I was told that “Washington State law says that a woman, to get a hysterectomy, must have a child already, be 25+, and have her husband’s permission.” Excuse you?? I wasn’t going to live to age 25 at the rate my body was going. I finally found a doctor who willingly performed it, and he asked me what I wanted. He took my pain seriously. He also got called before a med board for it, and had to fight and struggle for clearance to save my life. Finding a doctor who treated me like a human being instead of a potential baby incubator only took me ten fucking years.
Women should have equal access. Women deserve the bodily autonomy to be able to say “Hi, I’d like this part of my body that is completely useless to me removed.” If men can decide they permanently don’t wish to be parents at age 18, women sure as shit can too. At worst, women definitely deserve the right to say “This unnecessary body part is trying to kill me.
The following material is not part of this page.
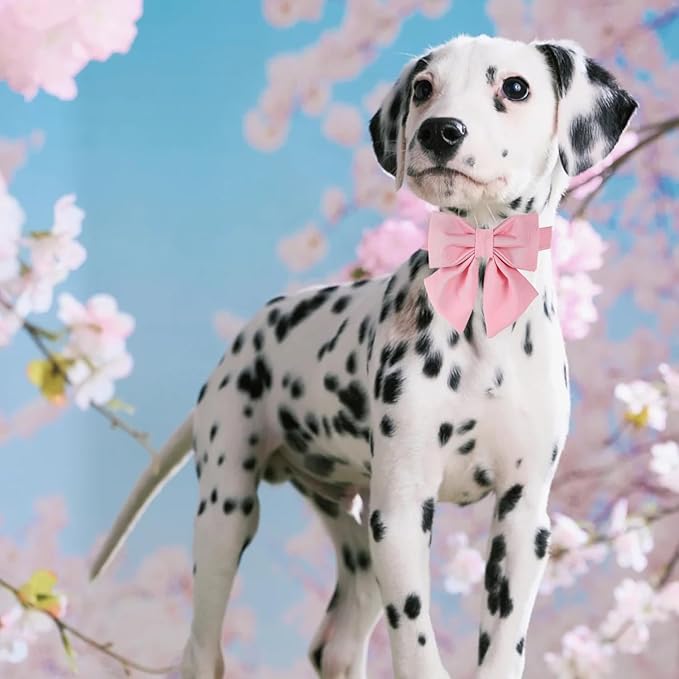 Maca Bates Cherry Pink Dog Collar with Cute Solid Sailor Bow Tie for Small Girl Boy Dogs,Girly Adjustbale Durable Breakaway Soft Collars with Bowtie for Female Male Puppy,Pet with Metal Buckle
I’d like to live, cut it the fuck out of me.” and not be spoken down to.
Women deserve doctors who don’t look baffled and shocked by a woman’s reproductive system. They deserve to have their concerns taken seriously. We have the ability to tell when it isn’t just period pains. We know what the hell PMS is. We’re not stupid. We deserve doctors who don’t talk down to the little women or treat them like potential incubators. Treat us like human beings and give us the bodily autonomy to make our choices for any reason we so choose. It’s our bodies. No one should have to be put through this shit.
This is part of why the pro-choice movement is so fucking important. It isn’t just the right to abort. It’s also the right to choose to never have a child ever at all. It’s the right to choose what we do with our own uteri and everything in between.
And this is why I tagged you. :3
The “BUT BABIES” argument … if it isn’t valid for men, it shouldn’t be valid anywhere else.